Girona y Levante empataron a uno en un partido con muchas alternativas por los dos bandos. Los locales se adelantaron gracias a un gol de Aday en el 54, pero el conjunto granota supo reponerse e igualó por medio de Morales trece minutos después. El tramo final quedó abierto, pero ninguno supo imponerse y las tablas permanecieron hasta el final del choque.
Comenzó mejor el Girona. El equipo de Machín se hizo con la manija del partido casi desde el principio, lo que propició que las primeras ocasiones cayeran del bando local. Para variar, Portu aparecía y ponía un centro que no encontraba rematador en el 7. Acto seguido, llegaba la primera jugada polémica. Seguían insistiendo los locales por los costados y tras un centro de Borja García, Boateng tocó el balón con la mano, pero el árbitro no señaló nada.
Los siguientes minutos se caracterizaron por las ocasiones generados por ambos bandos. Los defensas, y los porteros, se emplearon a fondo para impedir el gol. Sobre todo, Bono, quien firmó una excepcional primera mitad. Sus paradas imposibilitaron al Levante ratificar su mejoría en los últimos choques en uno de los campos más difíciles de primera esta temporada.

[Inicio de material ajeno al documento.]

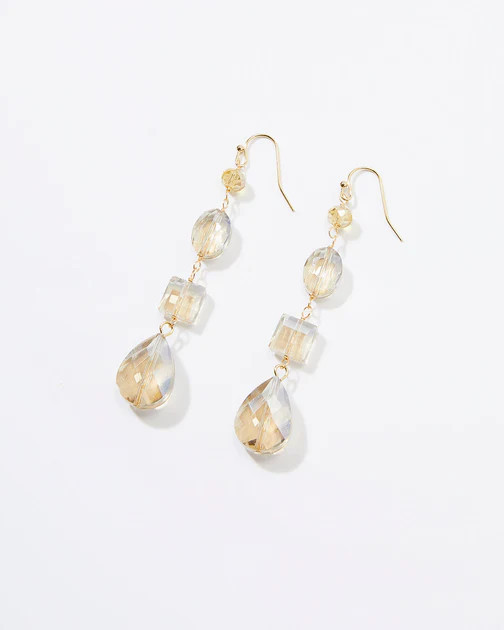 Palencia Jewel Drop Earrings - Topaz | VICI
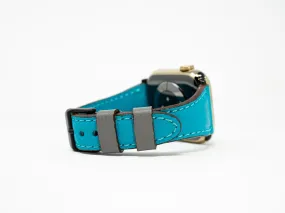 Olpr. leather goods co. Petite Single Italian Leather Apple Watch Band - Turquoise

La más calara antes del descanso fue para Aday. El centrocampista ejecutó una falta y sólo le faltó un poco de suerte para que el balón acabara dentro de la portería. Al final, su disparo tocó en el palo. Respondió minutos más tarde Boateng, con otro lanzamiento a la madera. Se habían consumido ya 44 minutos y el delantero granota se apuntó la última ocasión del primer acto. Un imperial Bono rozó lo suficiente para que, pese al buen control y posterior disparo del jugador del jugador ghanés, el balón se fuese fuera.
Tras el paso por los vestuarios mejoró sus prestaciones el conjunto visitante y suyas fueron las primeras ocasiones de la segunda mitad. Lerma no aceró a dirigir bien el balón y Boateng cruzó en exceso ante Bono. Merodeaba el gol el equipo valenciano que, tras estos avisos, iba a ver cómo era el Girona el que se adelantaba en el marcador.
Granel se sitúo perfectamente en el borde del área y remató de tal forma que el esférico acabó dentro. El tiro había salido muy colocado y se coló por la escuadra. El resultado a favor animó a Montilivi que a estas alturas de temporada ya ha visto que su equipo tiene duende en ese estadio. A partir de ahí generó peligro el Girona. Stuani y Borja García se postularon para el segundo, aunque no pudieron conseguirlo. El uruguayo, además, con todo a favor con un chut desde el punto de penalti a pase de Portu.
El levante no deshizo ante el resultado y el escenario, y supo responder. Su jugador más diferente- o llámenlo como quieran- Morales, volvía aparecer un partido más. El extremo aprovechó a la perfección un pase de Lerma, recortó a Bono sin ponerse nervioso y marcó aplacer el empate a 1. Saludo militar y vuelta a empezar de un partido que minutos atrás parecía haberse inclinado para el bando local.
Perecía que el Levante tenía en mente apretar para llevarse los tres puntos, pero los dos equipos lo intentaron con más corazón que cabeza. Se sucedieron algunas oportunidades, aunque en ninguna el peligro fue real. Los movimientos tácticos que plantearon los entrenadores en el tramo final del encuentro con los cambios tampoco surgieron efecto. Finalmente, nadie consiguió el gol que le hubiese dado la victoria y el Levante suma un nuevo punto. Un punto que le acerca aún más al objetivo de la permanencia y que confirma su buen momento de forma en La Liga.